*Your objective*
Without any of their pictures, return all of the records exactly.

*Data shown*
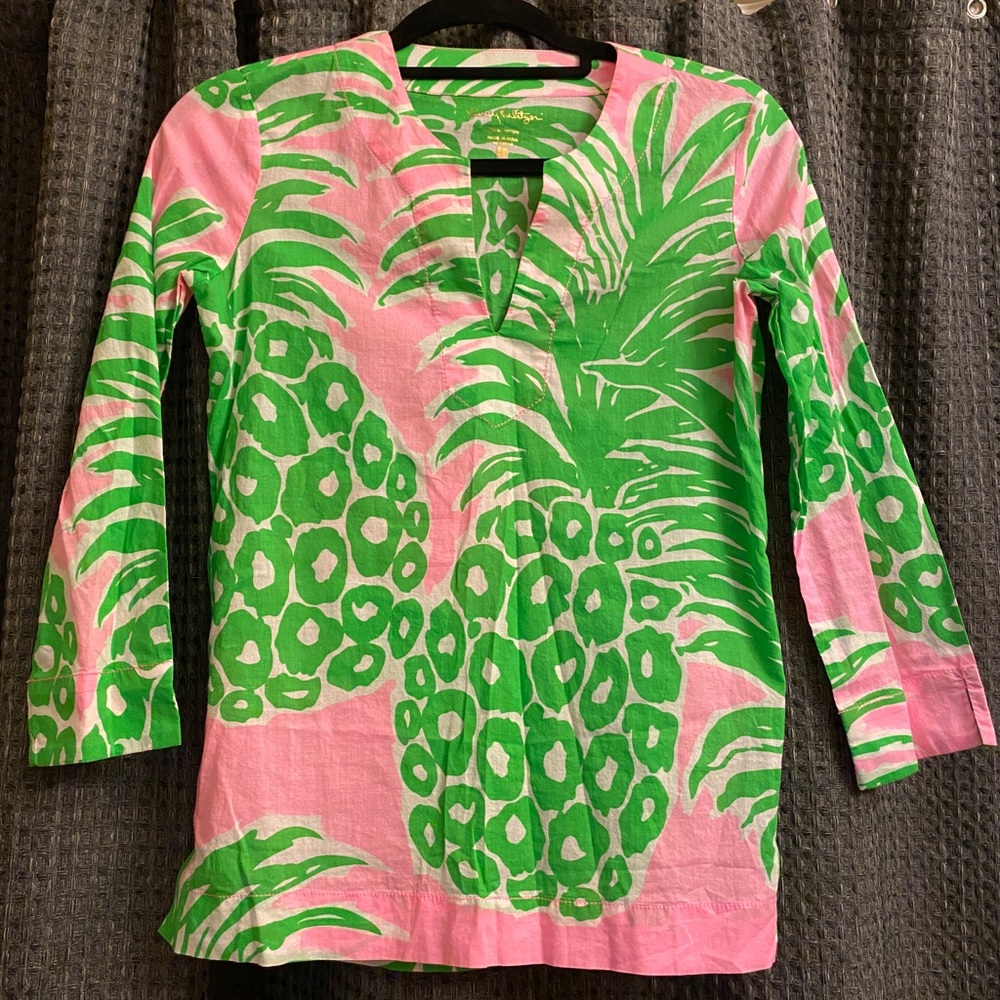 Lilly Pulitzer, Tropical Pineapple Blouse, 3/4 Sleeves, Sz XXS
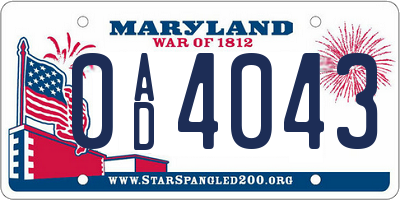 MD license plate 0AD4043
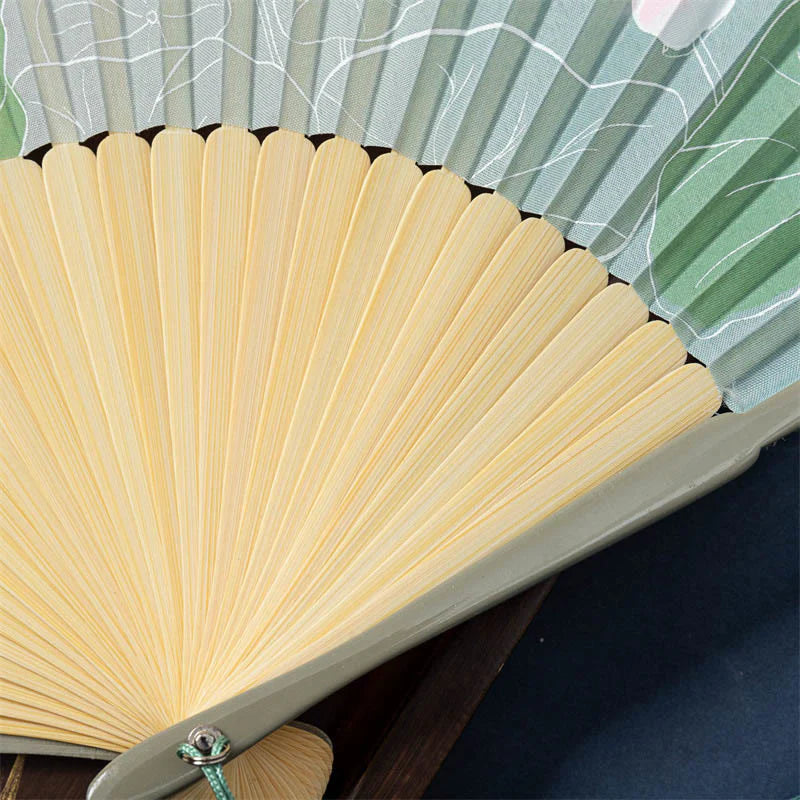 Buddha Stones Lotus Begonia Flower Jasmine Handheld Bamboo Folding Fan 21cm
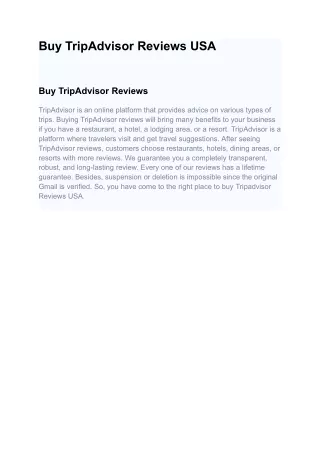 Buy TripAdvisor Reviews USA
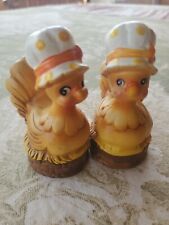 Vintage Salt Pepper Shakers Anthropomorphic Japan Chickens/Hens w/Polka Dot Hats picture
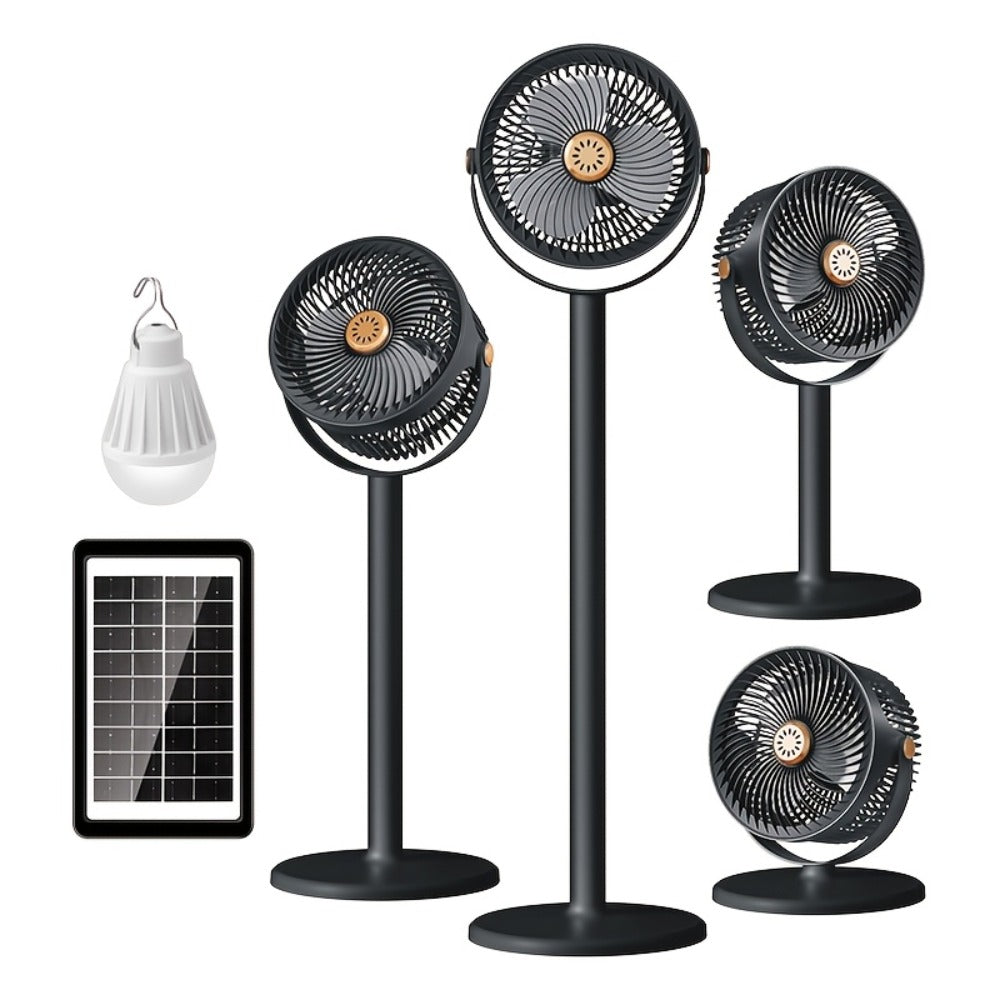 Solar Floor Fan 33-Inch Rechargeable 4000mAh USB Standing Fan Power Bank 2-in-1 360¡ã Tilt 5-Speed 4-Height Adjustable for Indoor Outdoor Courtyard RV Camping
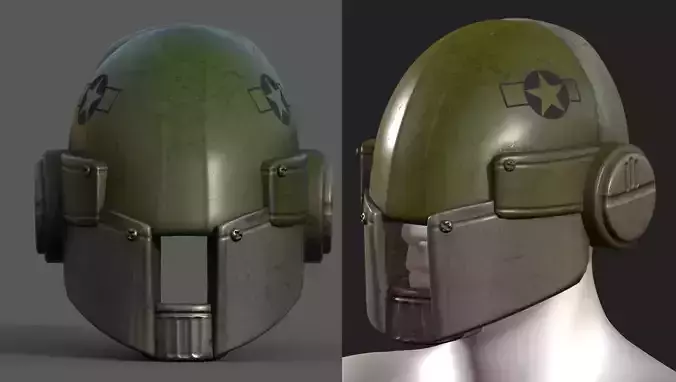 Helmet scifi military combat 3d model low poly 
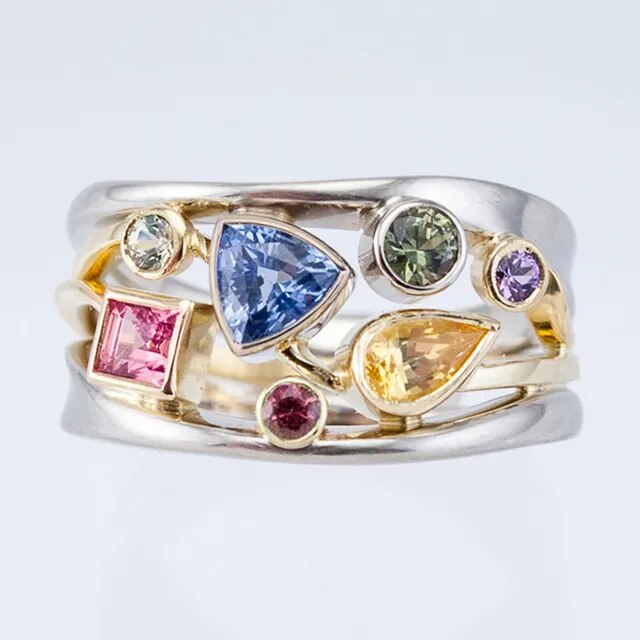 Vintage Farverig Zirconia Ring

*Answer box*
 Lilly Pulitzer, Tropical Pineapple Blouse, 3/4 Sleeves, Sz XXS
 MD license plate 0AD4043
 Buddha Stones Lotus Begonia Flower Jasmine Handheld Bamboo Folding Fan 21cm
 Buy TripAdvisor Reviews USA
 Vintage Salt Pepper Shakers Anthropomorphic Japan Chickens/Hens w/Polka Dot Hats picture
 Solar Floor Fan 33-Inch Rechargeable 4000mAh USB Standing Fan Power Bank 2-in-1 360¡ã Tilt 5-Speed 4-Height Adjustable for Indoor Outdoor Courtyard RV Camping
 Helmet scifi military combat 3d model low poly 
 Vintage Farverig Zirconia Ring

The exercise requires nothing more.